* Exercise *
Return the listing below exactly as it stands. Pictures stay out.

* Supplied entries *
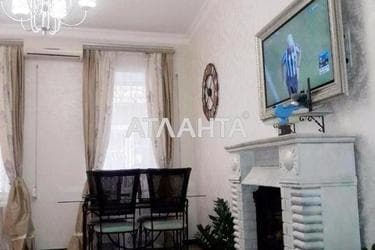 3-комнатная квартира по адресу ул. Маразлиевская (площадь 75 м²) - Atlanta.ua - фото 17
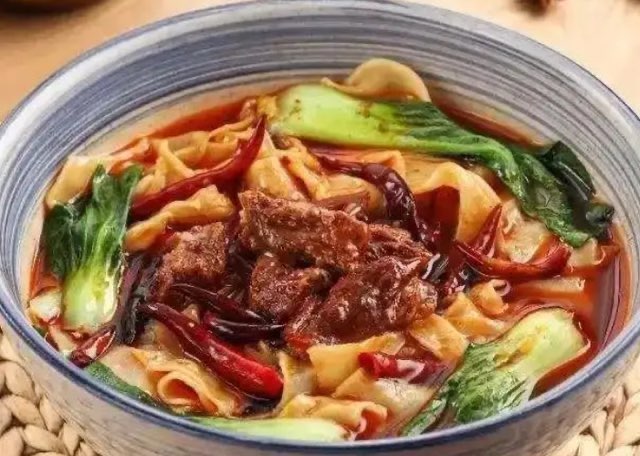 网络配图 网络配图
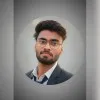 Abhishek Kumar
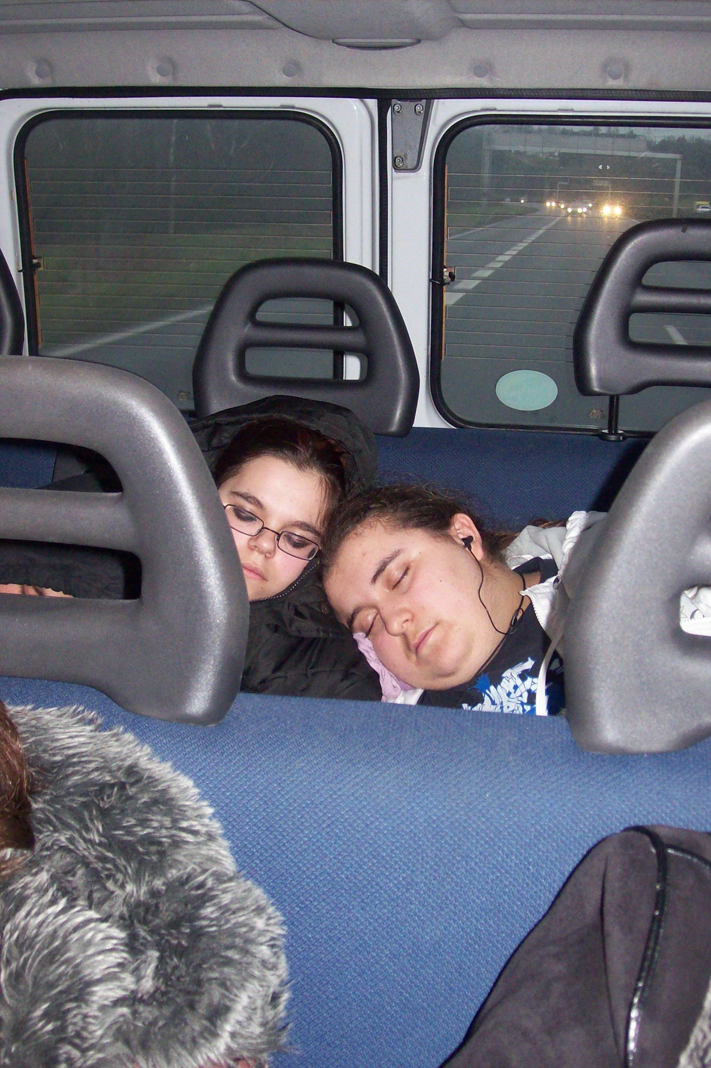 100_3557.JPG
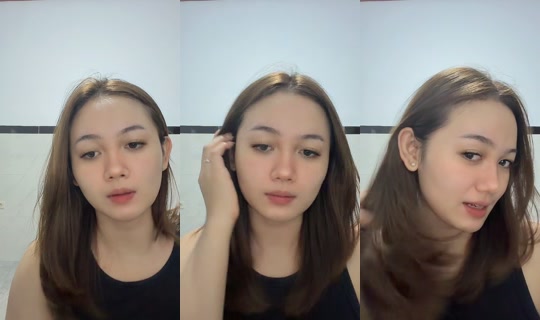 anothersideofdekna's Live Session — Jul 25, 2026, 12:12 PM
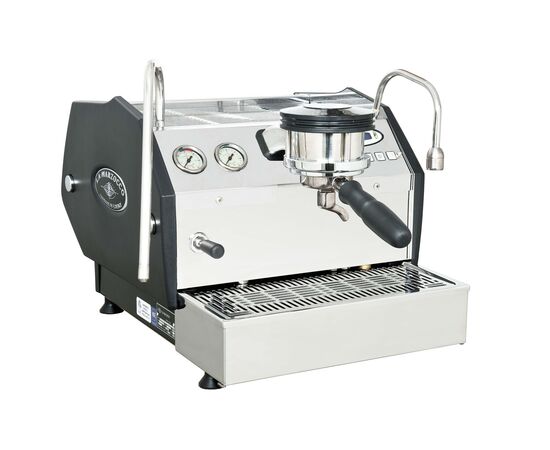 La Marzocco GS3 AV Рожковая кофемашина автомат, фото 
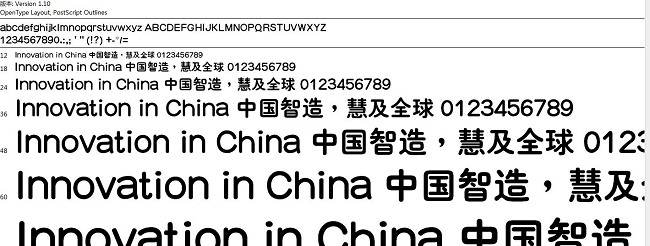 cyuen2hks-semibold cyuen2hks-semibold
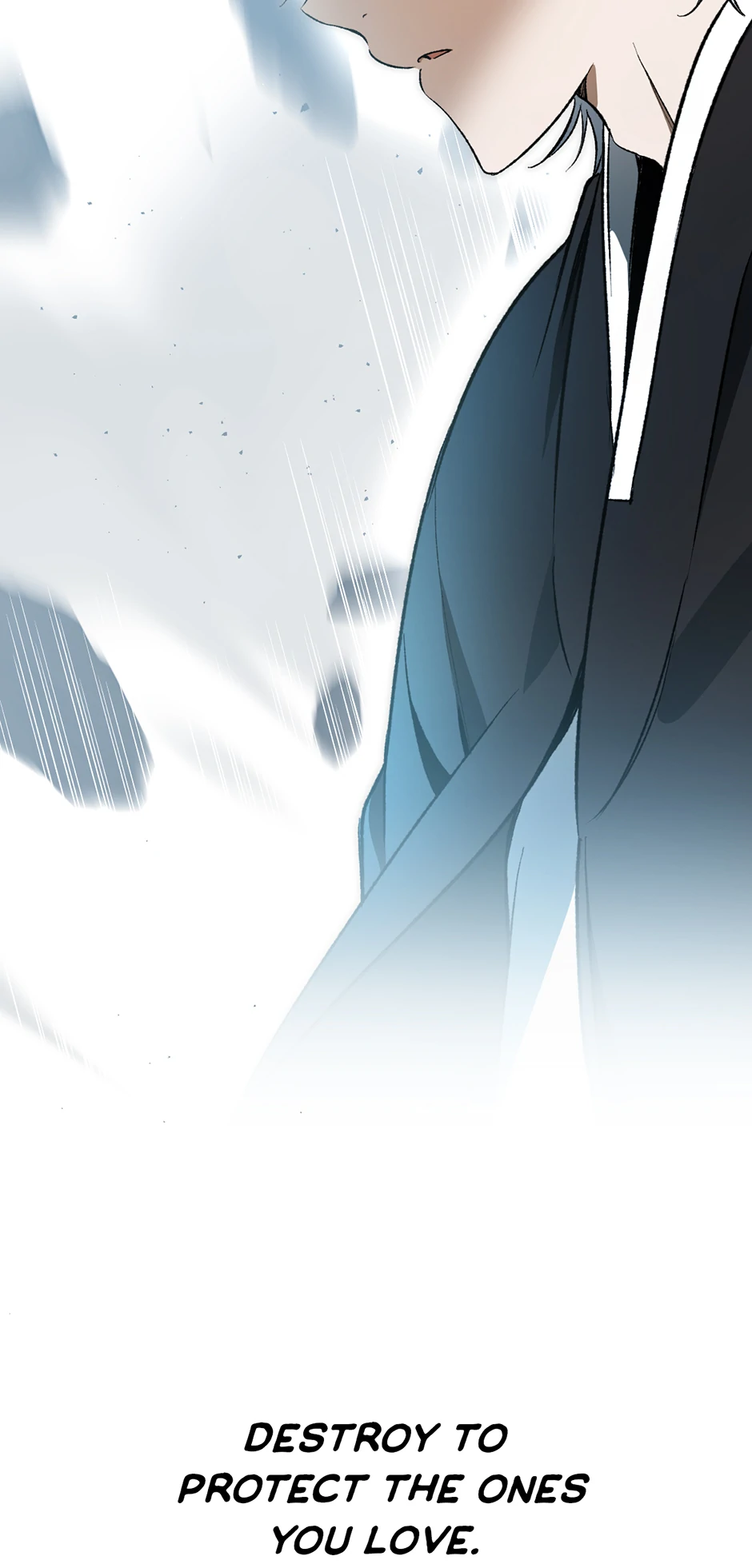 Guide to be King of the Dead Chapter 35 - page 79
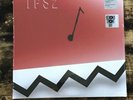New RSD 2019 David Lynch TWIN PEAKS Season 2 Green Blue VINYL 2x LP Badalamenti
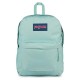 раница,раници,jansport,superbreak,one,25l,backpack,faded,sage,(green)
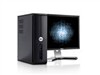 DELL VOSTRO 成就 220s(E5200/1G/320G)台式机电脑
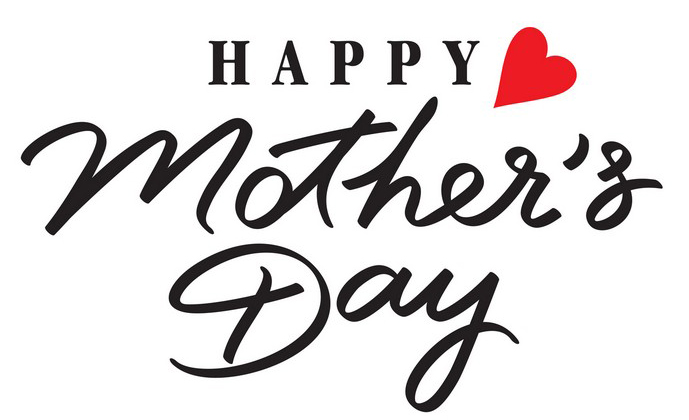 Happy Mothers Day Image Wallpaper Pictures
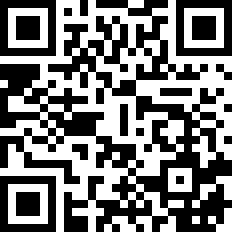 QR code indisponible.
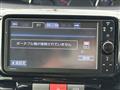 2011 Daihatsu Tanto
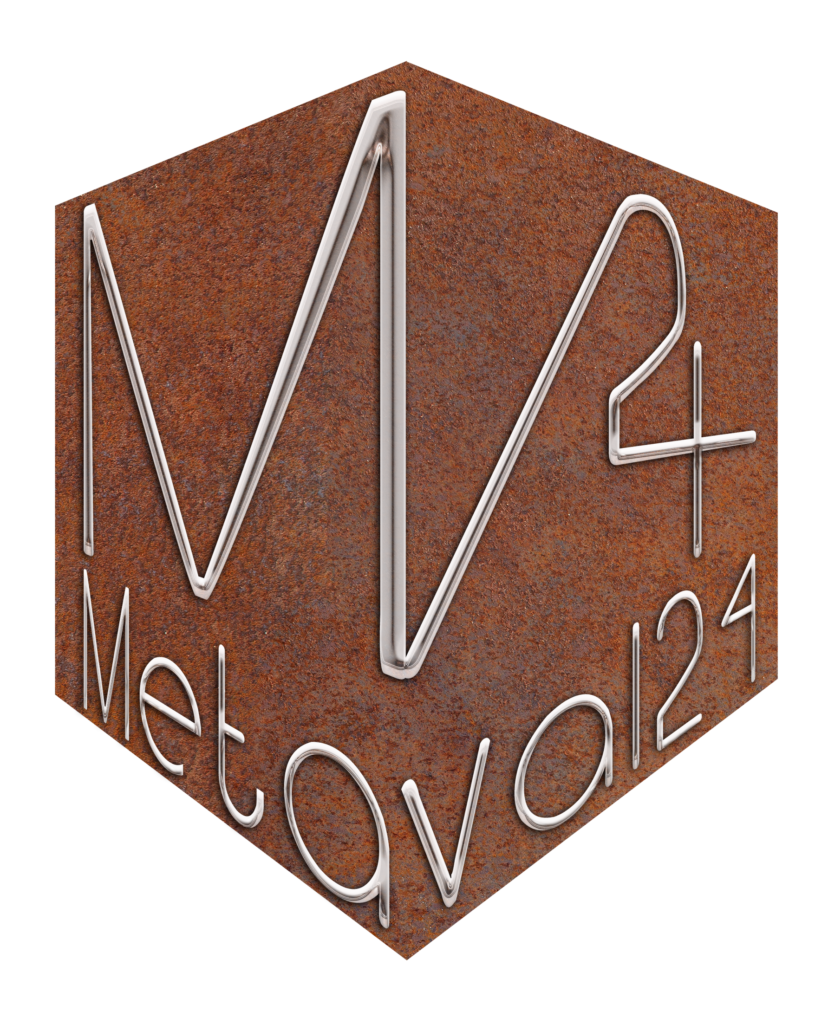 Metaval24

* Expected output *
 3-комнатная квартира по адресу ул. Маразлиевская (площадь 75 м²) - Atlanta.ua - фото 17
 网络配图 网络配图
 Abhishek Kumar
 100_3557.JPG
 anothersideofdekna's Live Session — Jul 25, 2026, 12:12 PM
 La Marzocco GS3 AV Рожковая кофемашина автомат, фото 
 cyuen2hks-semibold cyuen2hks-semibold
 Guide to be King of the Dead Chapter 35 - page 79
New RSD 2019 David Lynch TWIN PEAKS Season 2 Green Blue VINYL 2x LP Badalamenti
 раница,раници,jansport,superbreak,one,25l,backpack,faded,sage,(green)
 DELL VOSTRO 成就 220s(E5200/1G/320G)台式机电脑
 Happy Mothers Day Image Wallpaper Pictures
 QR code indisponible.
 2011 Daihatsu Tanto
 Metaval24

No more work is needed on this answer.